In June 2025, WBD officially announced the split into a streaming/studio entity (“Warner Bros.”—encompassing WB Television, Motion Picture Group, DC Studios, HBO/HBO Max, WB Games, and the Burbank/Leavesden studio lots) and a linear networks entity (“Discovery Global”—including CNN, TNT Sports, Discovery Channel, HGTV, Food Network, and Discovery+). Campbell told senators the separation would allow each company to “pursue opportunities to strengthen its competitive position more quickly and aggressively.”
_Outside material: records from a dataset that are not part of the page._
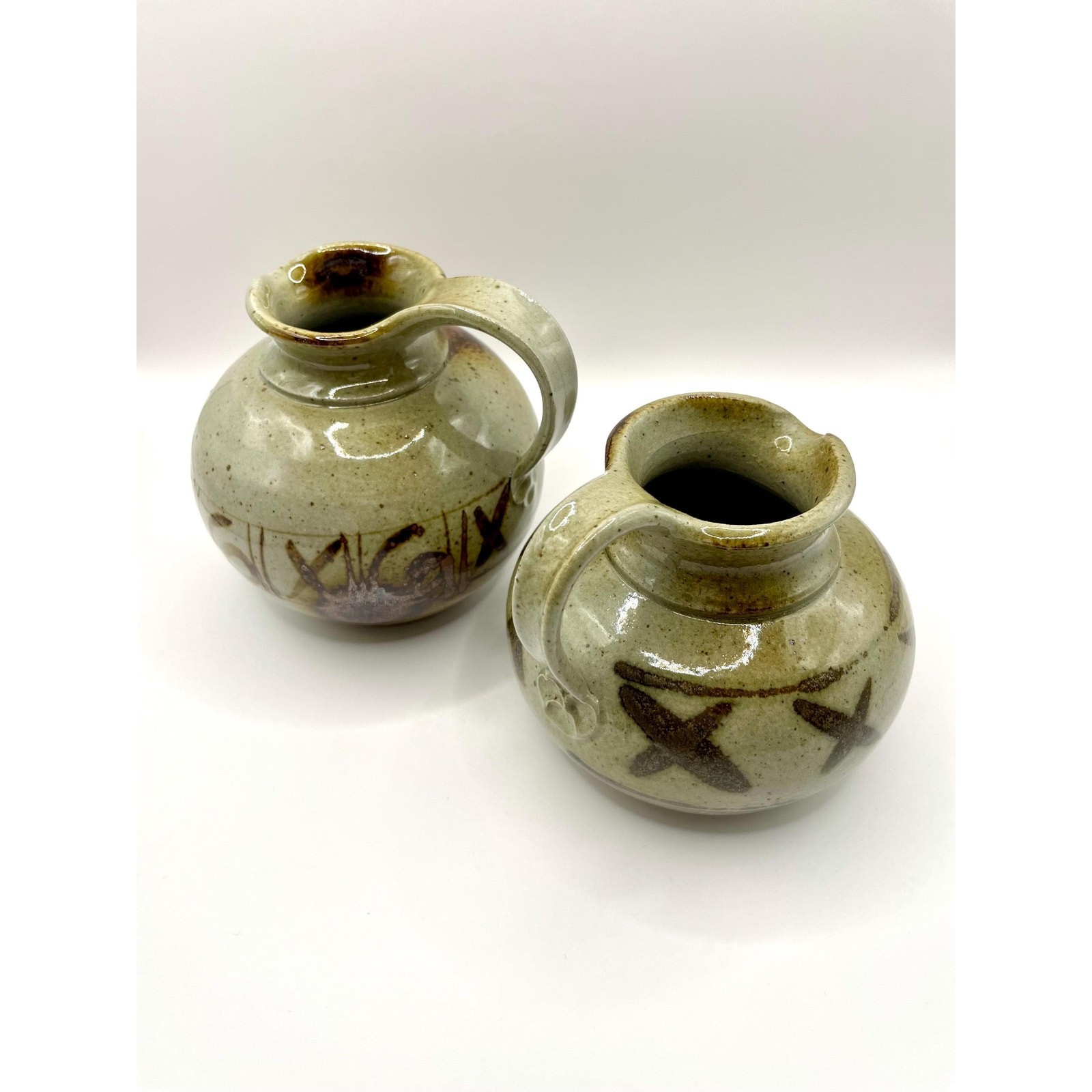 Studio Pottery Signed Valérien Taber Vase Set | Vallauris Ceramic Pitchers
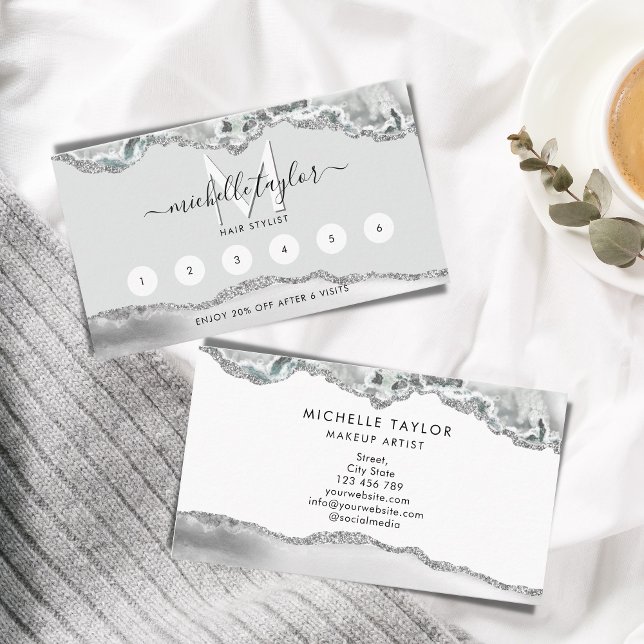Modern Monogram Beauty Makeup Elegant Hair Stylist Business Card (
Modern professional monogram logo collection with a silver agate background
)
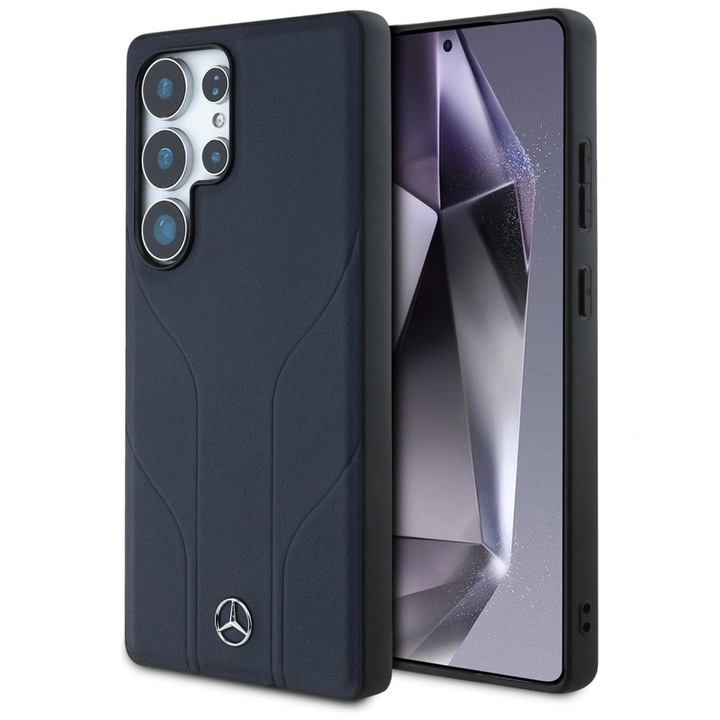 Кожен калъф MagSafe с релефни линии Mercedes за Samsung Galaxy S25 Ultra - син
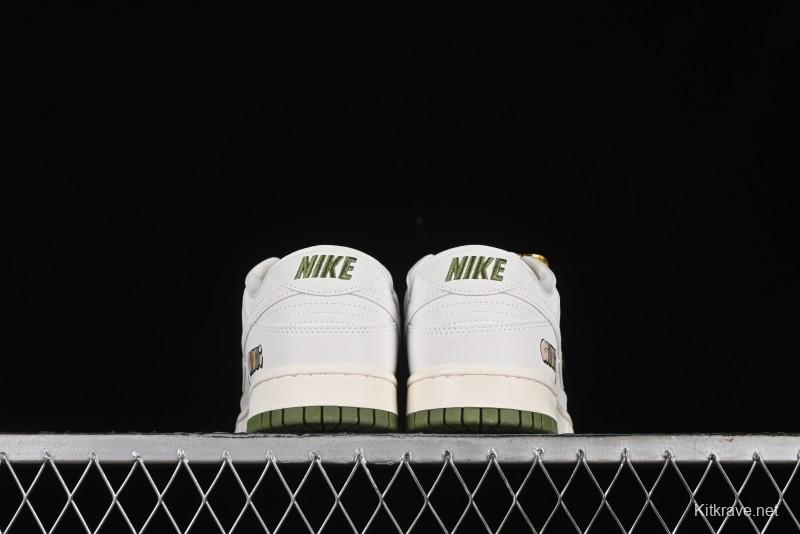 Nike SB Dunk Low Gucci Collaboration - Off White with Green Swoosh Anniversary High-End Custom Low-Top Casual Skate Shoes - KK1888-007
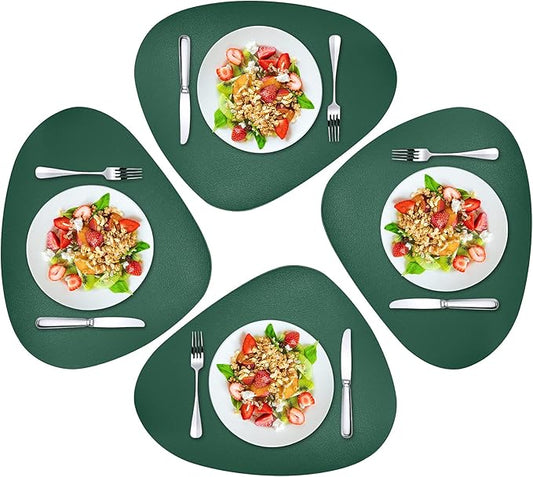 Herda Green Placemats Set of 4 Faux Leather Placemat Wipeable Washable Placemats for Round Table,Table Mat for Kitchen Dining Patio Outdoor Indoor Place Mat 4 Pack for Christmas Holiday Placemats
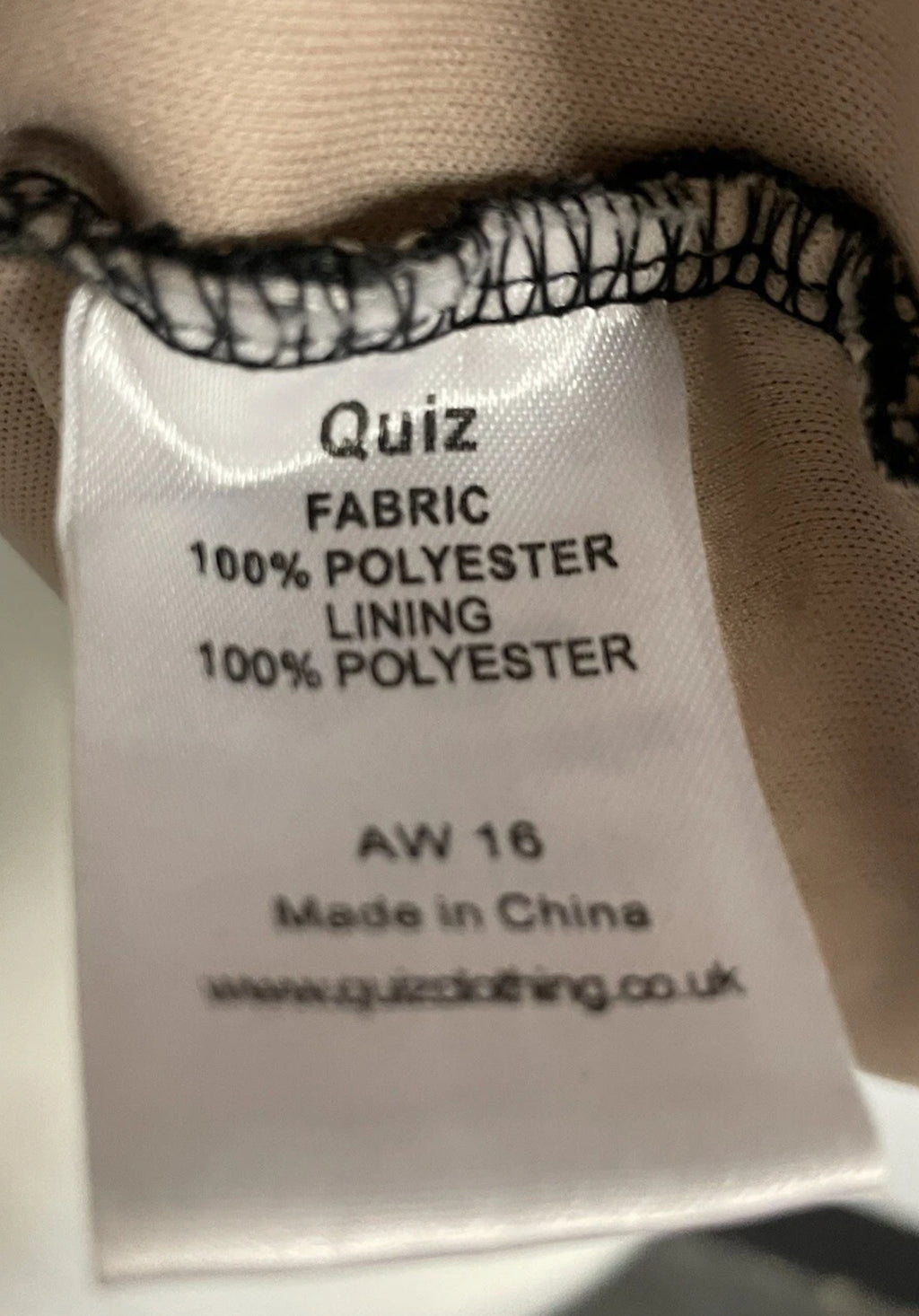 Quiz Black Crochet Lace Overlay Nude Lined Dress – UK 14 (EU 42)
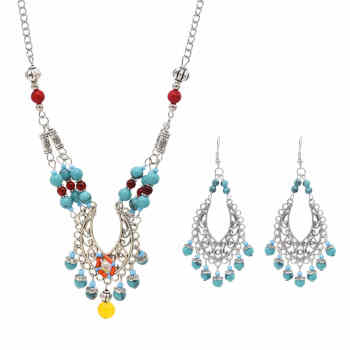 F-0976 E-6423 Boho Vintage Necklaces Delicate Pattern Beads Earrings and Forehead Pendants Chains Women Girls Ethnic Gifts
Paradoxically, the spin-off announcement attracted outside suitors. In September 2025, David Ellison personally visited WBD CEO David Zaslav at his home to propose an acquisition at $19 per share (60% cash, 40% stock). That opening salvo triggered a fierce multi-party bidding contest involving PSKY, Netflix, and at least one additional undisclosed party. By December, Netflix had effectively secured pole position with a $27.75 all-cash merger agreement.
The Structural Shift in the Streaming Wars
Campbell’s Senate testimony provided critical data framing the industrial context of this deal. Between 2021 and 2025, U.S. streaming viewership surged 71%, with streaming for the first time surpassing broadcast and cable combined to account for roughly 50% of all TV viewing (per Nielsen). The number of streaming platforms tracked by Nielsen more than doubled over the same period.
Platform proliferation has driven consumer fatigue. Some 46% of streaming viewers reported difficulty finding desired content due to service overload, while the average U.S. household now subscribes to four streaming services at a combined $69 per month. YouTube has emerged as the “new TV,” with long-form content (30+ minutes) growing from 65% to 73% of its viewing between 2023 and 2024. Americans spend an average of more than two hours daily on short-form video platforms such as TikTok and Instagram Reels.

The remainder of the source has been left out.